Z punktu widzenia Putina krytyka Stalina pomniejsza rozmiar zwycięstwa. Dlatego kategorycznie odrzuca on także krytykę paktu Ribbentrop-Mołotow, który w opinii dużej większości europejskich historyków, przyczynił się do niemieckiej napaści na Polskę we wrześniu 1939 roku – cytuje gazetę portal Deutsche Welle.

Reklama

Korespondent "FAZ" ocenia, że w grudniu ubiegłego roku Władimir Putin po raz kolejny zaostrzył ton, przypisując Polsce współodpowiedzialność za wojnę i Holokaust. Okazję ku temu dała mu rezolucja Parlamentu Europejskiego z września, która krytykowała "wszelkie formy totalitarnej ideologii, jak narodowy socjalizm i stalinizm”. Jak czytamy, Putin wykorzystuje krytykę płynącą z Zachodu, aby "podsycać odczucie bycia obrażanym przez niewdzięcznych sąsiadów”.

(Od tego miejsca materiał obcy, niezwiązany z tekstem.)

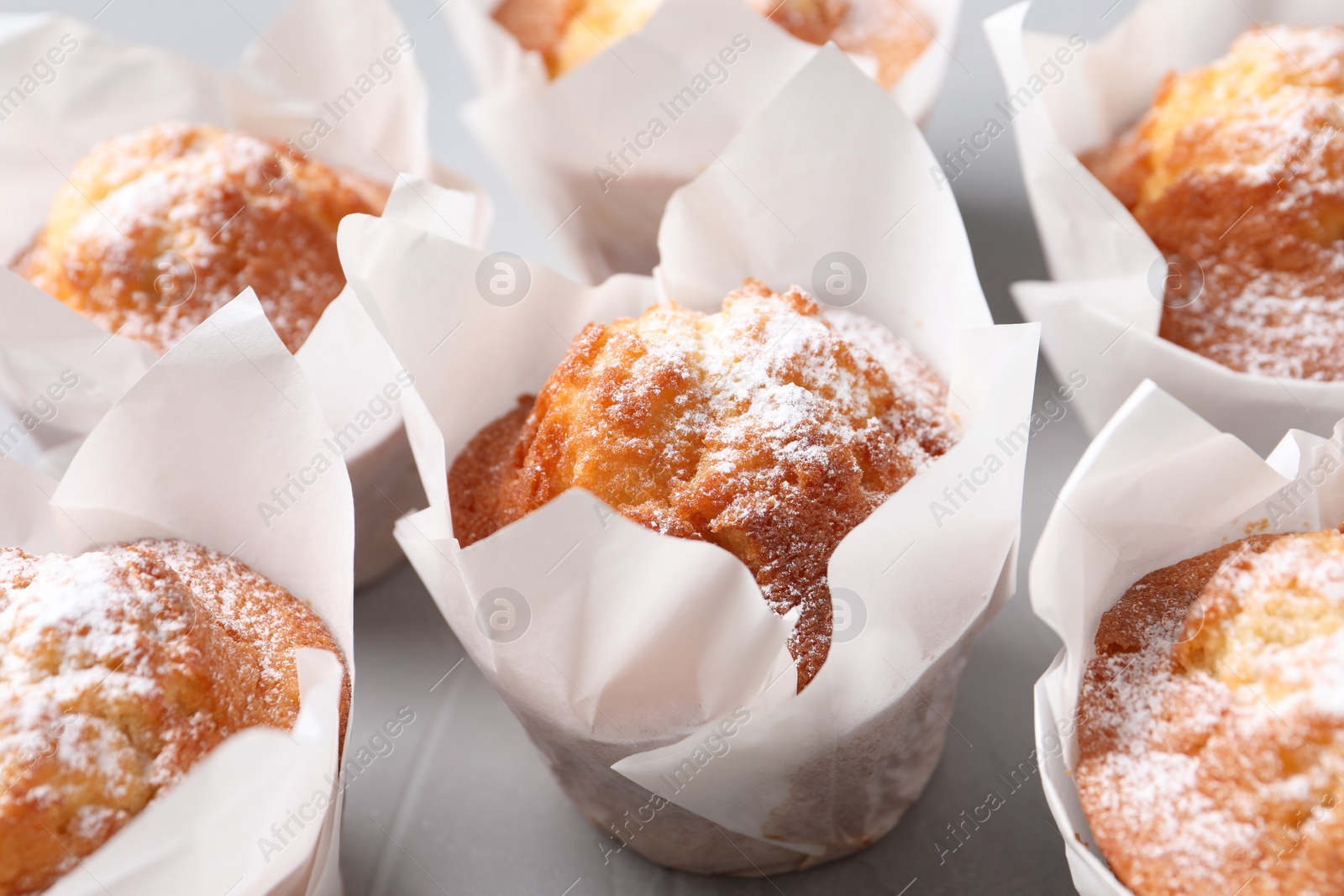 Photo of Delicious muffins with powdered sugar on grey table, closeup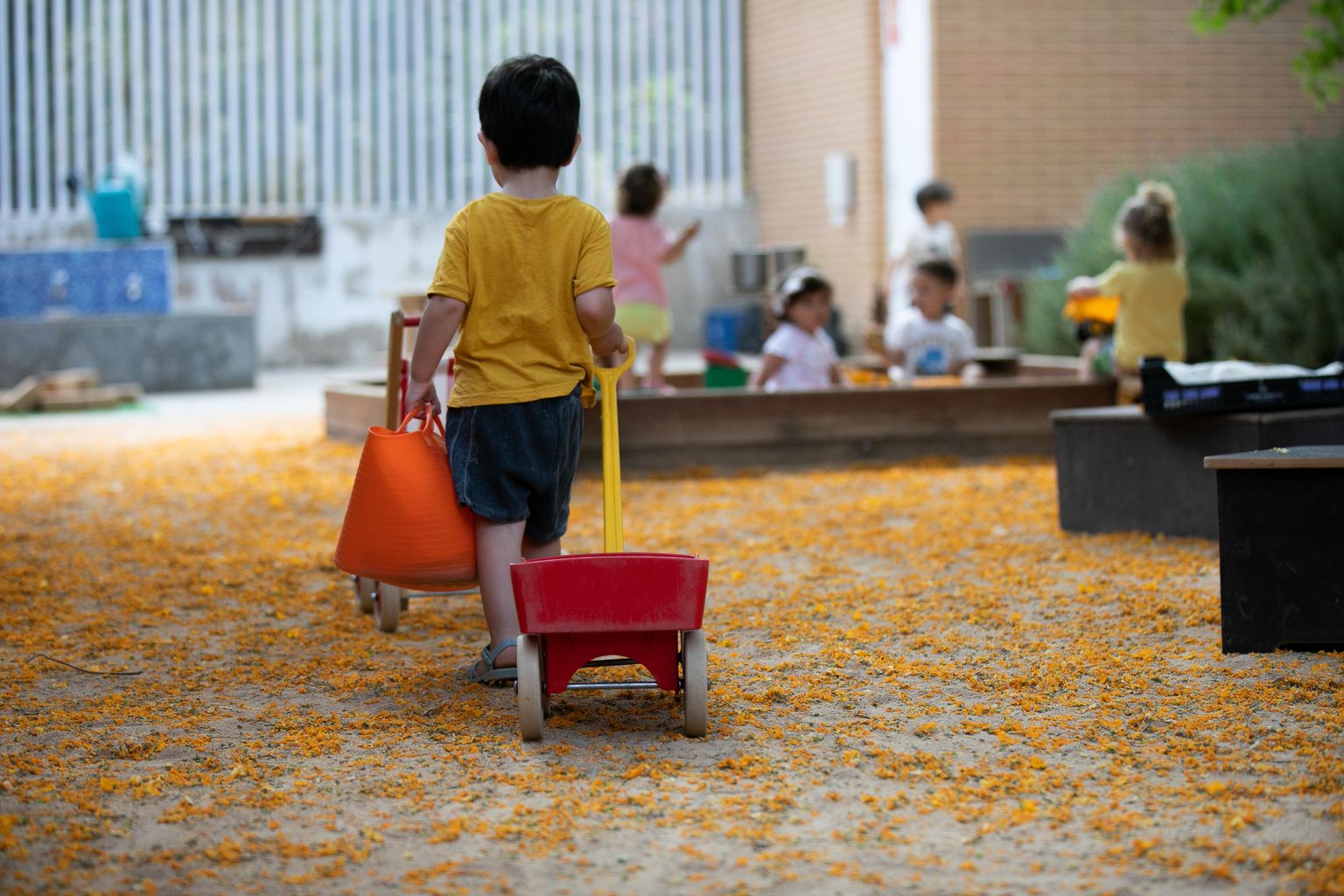 Un infant arrossega un carretó vermell pel pati de l'Escola Bressol Municipal Tres Turons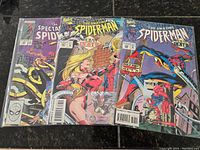 Three vintage Spiderman comics, each in protective sleeves showing front covers and collectible cards inside.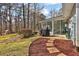 View of the patio, grill, and beautifully landscaped backyard with mature trees at 2113 N Landing Way, Marietta, GA 30066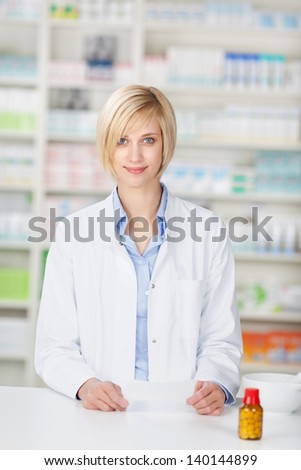Portrait of young female pharmacist with pill bottle and prescription paper standing at pharmacy counter
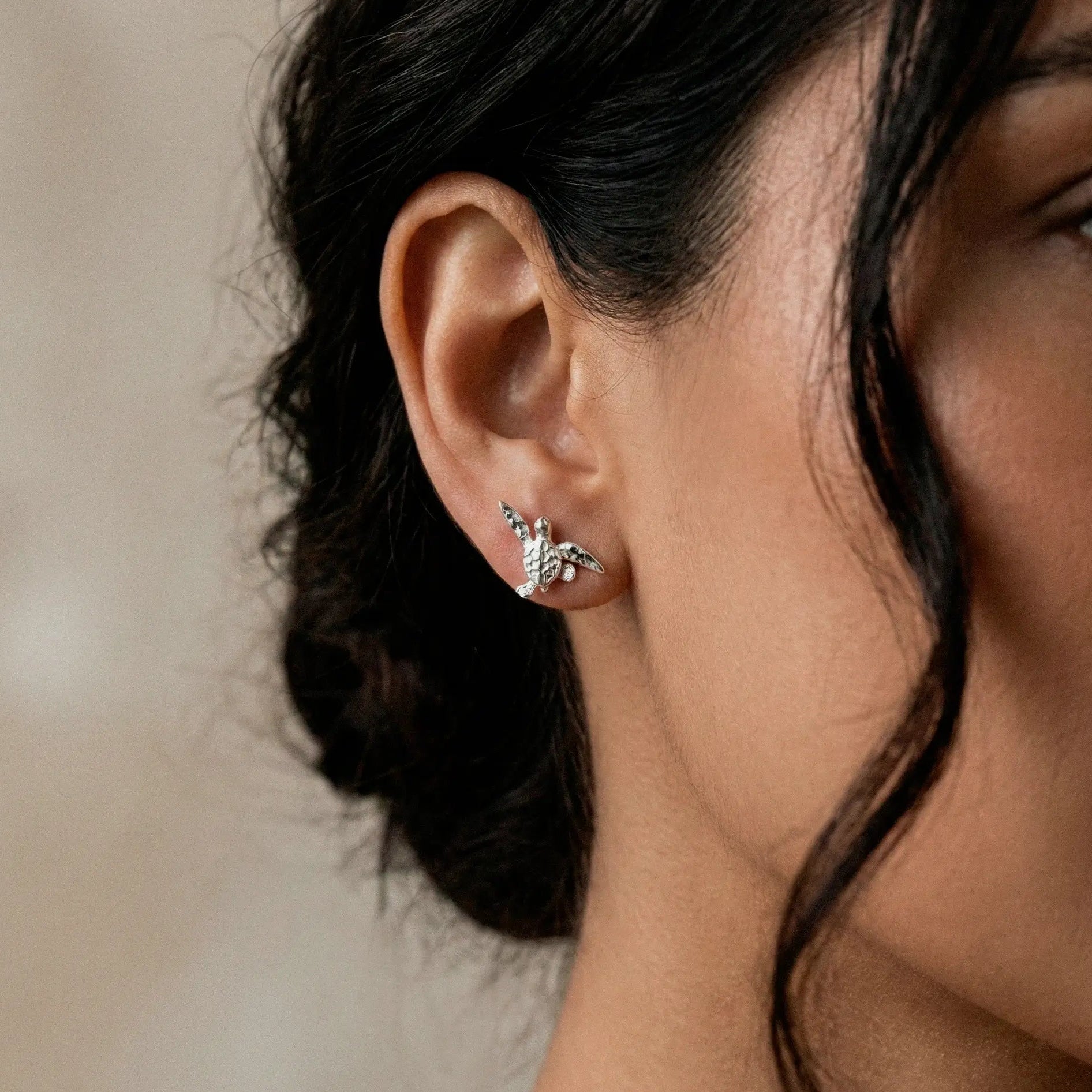 Close-up of a woman wearing a silver turtle earring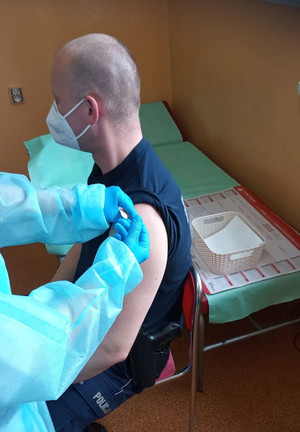 Na zdjęciu widoczny policjant z podciągniętym rękawem lewej ręki, w którą podawana jest mu szczepionka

To że prezydent Putin w czwartek będzie przemawiać na Światowym Forum Holokaustu w Jerozolimie pomaga dostarczyć jego aparatowi dowodów, że tezy Putina nadają się do prezentowania na salonach - pisze "Frankfurter Allgemeine Zeitung".

Pamięć o zwycięstwie w wojnie, w której niemal każda (rosyjska – red.) rodzina kogoś straciła, służy Putinowi za spoiwo wobec uderzających różnic pomiędzy Moskwą a resztą kraju, pomiędzy niewieloma bogatymi, a wieloma biednymi” - czytamy. Gazeta przypomina, że z okazji zbliżającej się 75. rocznicy zakończenia wojny, prezydent obiecał rosyjskim weteranom jednorazową wypłatę ok. 1100 euro. Dla większości z nich to jak pięć miesięcznych emerytur – podkreśla "FAZ".